### [EXERCISE DATA]
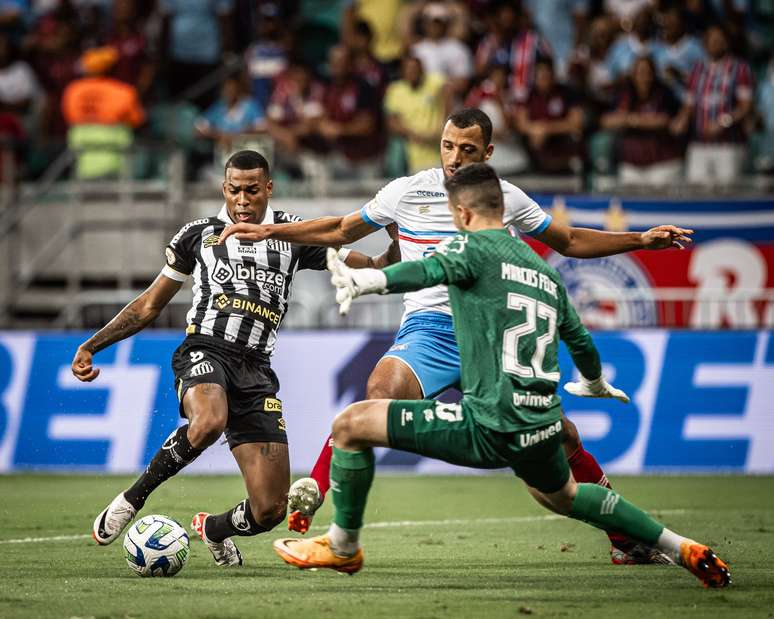 Santos, primeiro time bicampeão do mundo - Santos Futebol Clube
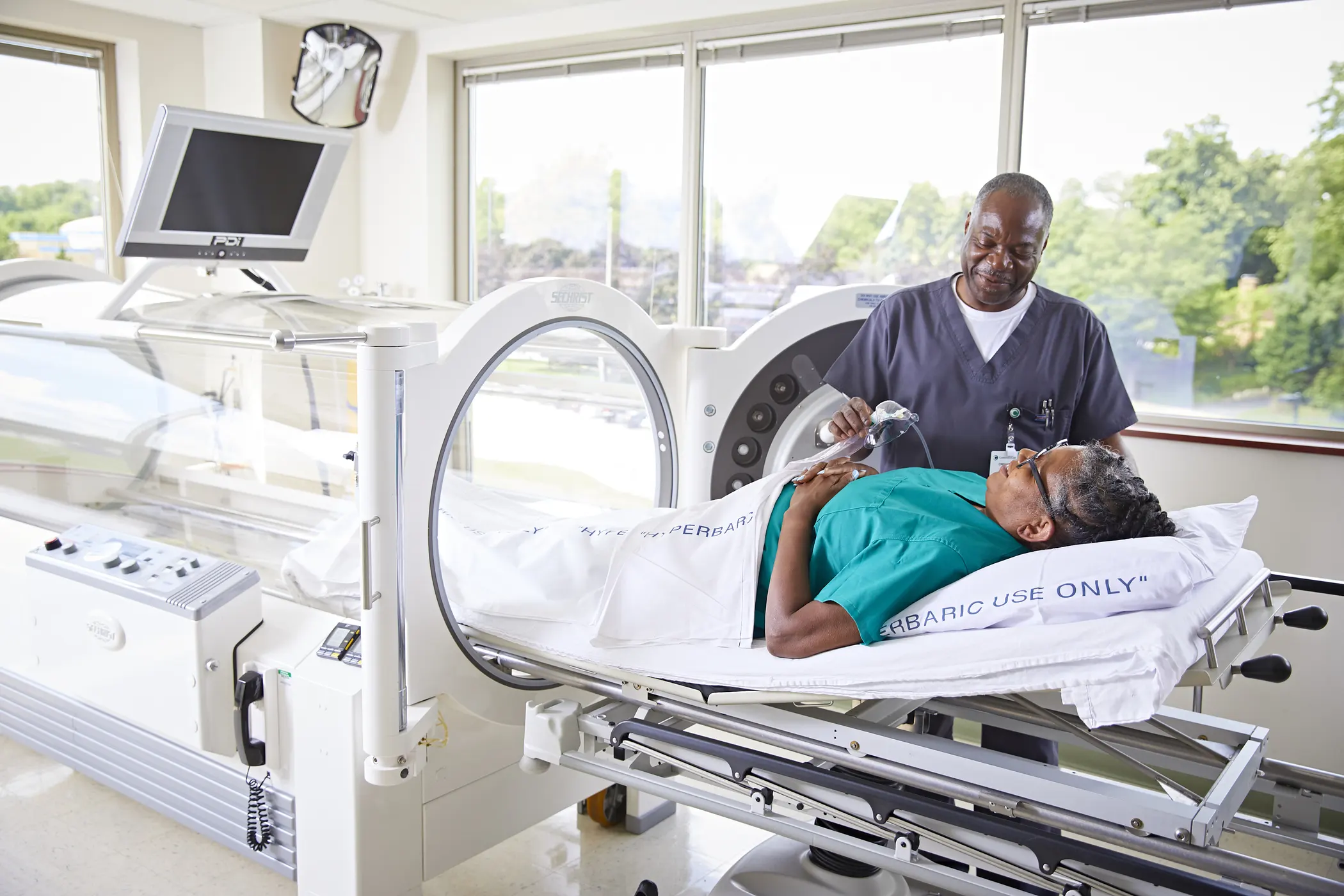Heal Your Brain with Hyperbaric Oxygen Therapy in Miami - Casa Privee Prof. Dr. Bankole Johnson presents his patient guide to regenerative medicine. Discover a new era of healing.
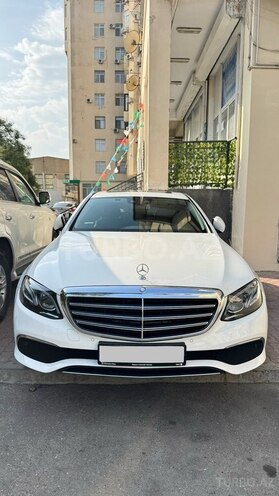 Mercedes E 220 d 2016, 202,000 km - 2.0 l - Bakı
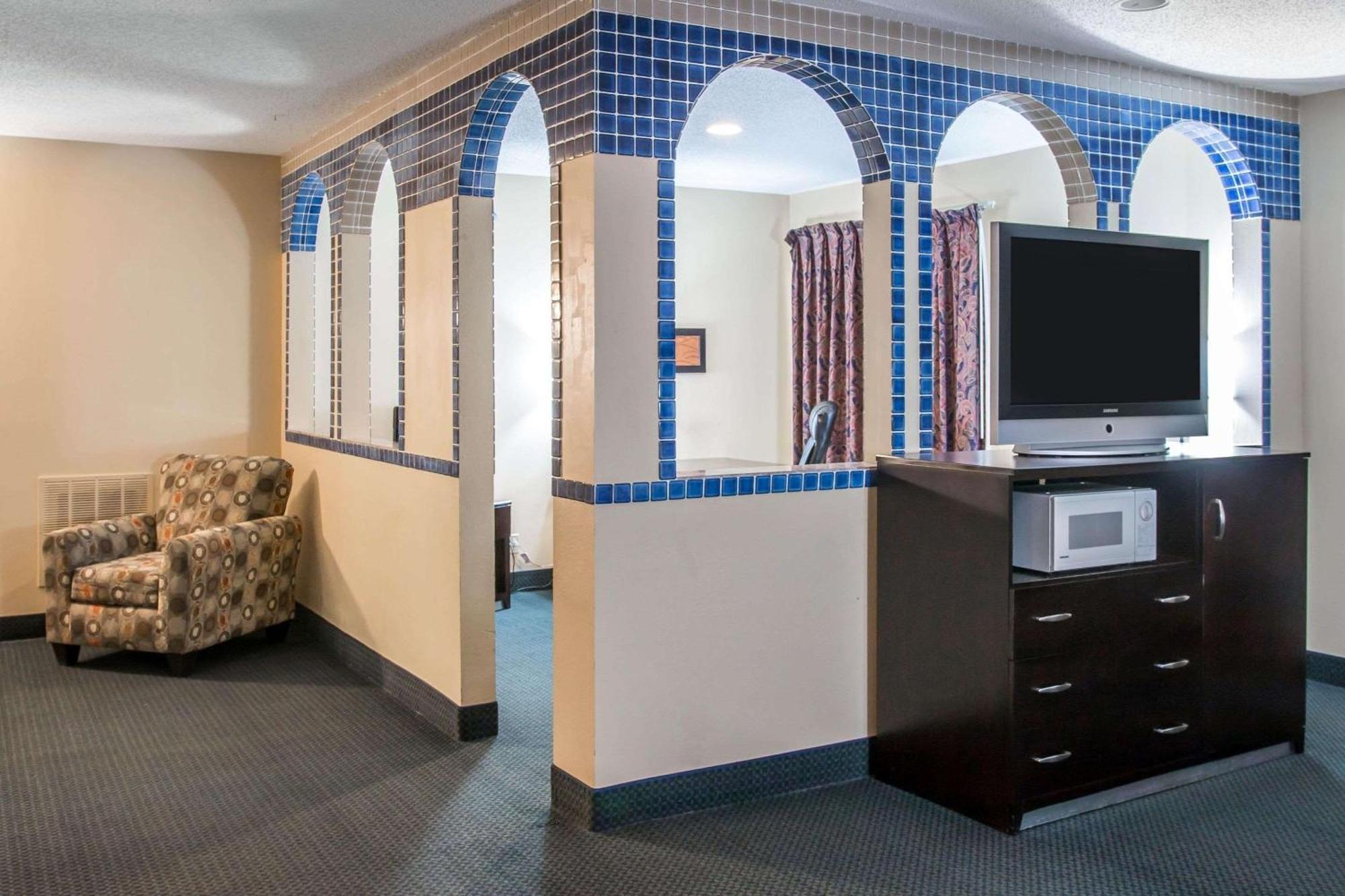 Country Inn & Suites By Radisson, Battle Creek, Mi Екстер'єр фото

### [TASK]
Every line of the data above is to be repeated exactly; the images are to be left out.

### [SOLUTION TO THIS PROBLEM]
 Santos, primeiro time bicampeão do mundo - Santos Futebol Clube
Heal Your Brain with Hyperbaric Oxygen Therapy in Miami - Casa Privee Prof. Dr. Bankole Johnson presents his patient guide to regenerative medicine. Discover a new era of healing.
 Mercedes E 220 d 2016, 202,000 km - 2.0 l - Bakı
 Country Inn & Suites By Radisson, Battle Creek, Mi Екстер'єр фото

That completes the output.